The green blasto is no different then the red, just less common. Both are rare hard coral found in the Indonesian and Pacific Oceans. They are far more common in low laying reefs in Bali, Tonga and Jakarta. Green blastomussa are sometimes mislabeled as a Green Pipe Coral- the two are used interchangeably in some journals and classifications.
The green portion of the title comes from its neon green center that lightens to a rust or brown on the perimeter, although some types have red or brown colorings mixed into its body. Green blasto can be found in both wellsi and merletti of hard corals. I have on two occasions imported solid neon green with yellow mouth parts.

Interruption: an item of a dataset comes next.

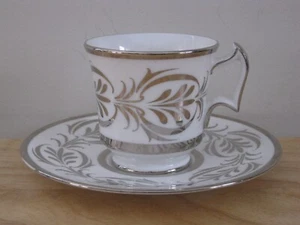 Juego de taza de té y platillo vintage Royal Chelsea English Bone China # 4950 patas - Imagen 1 de 14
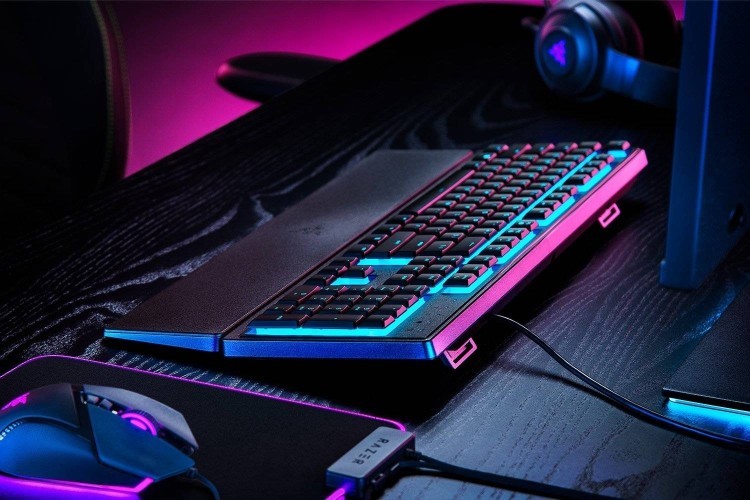 Клавіатура RAZER Ornata V3 X RU (RZ03-04470800-R3R1)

Dense and compact when opened, the green coral looks like one large mass, and their rounded appearance looks incredibly similar to a brain coral. Although one would not be able to tell at first glance, there is calcium based skeletal underneath it’s blooms, from which the green polyps actually emerge via stony tubes. These are not often seen, since the polyps take center stage when the coral colony is expanded. All blastomussa corals, including green have nocturnal polyps.

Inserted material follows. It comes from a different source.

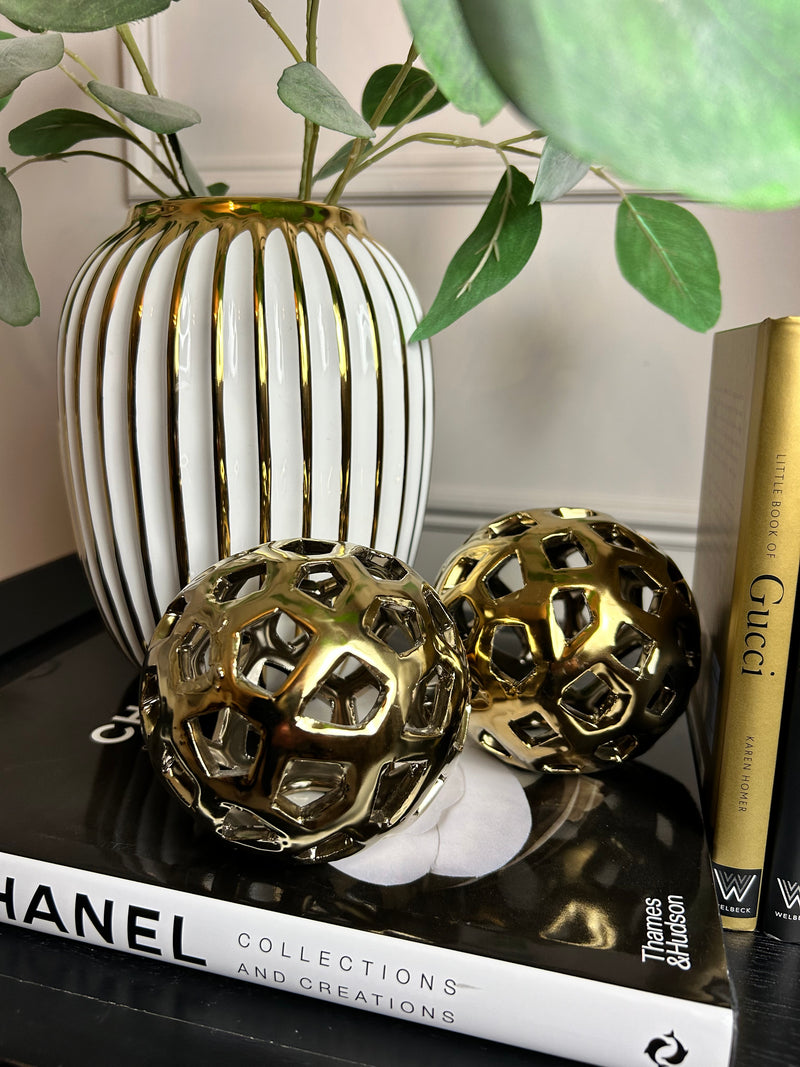 Gold round decorative ball 13cm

Because of its colorful coat and difficulty to harvest, the green blastomussa are a favorite among reef enthusiasts and hobbyists. If choosing between a wellsi and merletti, the beginner aquarists will have higher rates of success with the green merletti. Within an artificial tank, the coral will spread quickly and expand over many surfaces in groups of smaller colonies. Like any coral, the green blastomussa will require optimal tank conditions to thrive. Tailored lighting, sufficient water movement, food quantities and the addition of trace minerals are a must. The coral should be purchased already attached to a piece of live rock, but if not, use a coral-safe glue to secure the specimen to similar substrate. Depending on the lighting conditions, the coral may even be placed in the bottom of the aquarium on fine sand.
If the polyps are not expanding fully, the culprit could be that the coral is placed too close to the light source or is in too high of water flow. For this reason, place the blasto out of direct light in moderate (not direct) current. They prefer a diet rich in marine snow, phytoplankton and other organisms for its filter feeding methods.
The coral is very peaceful in nature, and does not have a history of encroaching on neighboring coral or other creatures that reside within close distances. However, it should be kept away from stinging corals that could potentially damage the green blastomussa with their far reaching tentacles.